CKS: Certified Kubernetes Security Specialist Study Guide
The Certified Kubernetes Security Specialist (CKS) is a hands-on, performance-based exam that validates your ability to secure container-based applications and Kubernetes platforms across build, deployment, and runtime. It assumes you already hold a valid CKA and is aimed at platform engineers, SREs, and security practitioners who harden clusters, lock down workloads, secure the supply chain, and monitor for threats. You get 120 minutes to solve live tasks on real clusters and must score at least 67%.
Domain 1: Cluster Setup
- kube-bench checks a cluster against the CIS Kubernetes Benchmark; run 'kube-bench run --targets master' on a control-plane node and '--targets node' on workers to scope the checks.
- An empty podSelector ({}) selects all pods in a namespace; a policy with policyTypes:[Ingress] and no ingress rules denies all inbound, and one with policyTypes:[Egress] and no egress rules denies all outbound, forming a default-deny baseline.
- NetworkPolicies are only enforced if the CNI supports them (Calico, Cilium, Weave); plain flannel ignores them, so applying a policy with an unsupported CNI silently allows all traffic.
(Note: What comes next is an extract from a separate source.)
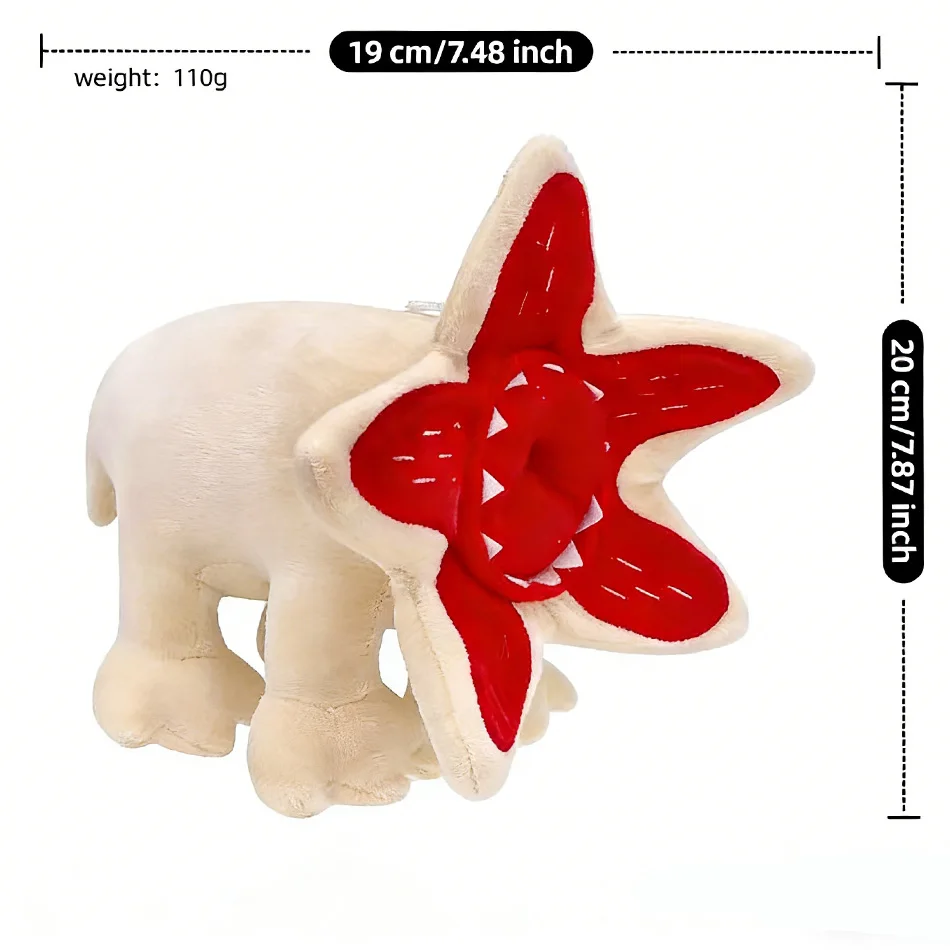Niedliches Demogorgon-Plüschtier Großmäuliger Blumenfresser Gefüllte Puppen für Spielecharakter-Liebhaber Cartoon-Geschenke – Detail 5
- To block pod access to the cloud metadata endpoint, write an egress policy whose allowed destinations exclude 169.254.169.254/32, e.g. ipBlock cidr 0.0.0.0/0 with except [169.254.169.254/32].
- On kubeadm clusters the kube-apiserver runs as a static pod in /etc/kubernetes/manifests/; editing that manifest makes the kubelet automatically recreate the pod, so no restart command is needed.
- Encryption at rest is configured by an EncryptionConfiguration manifest (providers like aescbc, secretbox, or kms) referenced via --encryption-provider-config; after enabling it you must re-write existing Secrets (kubectl get secrets -A -o json | kubectl replace -f -) to encrypt them.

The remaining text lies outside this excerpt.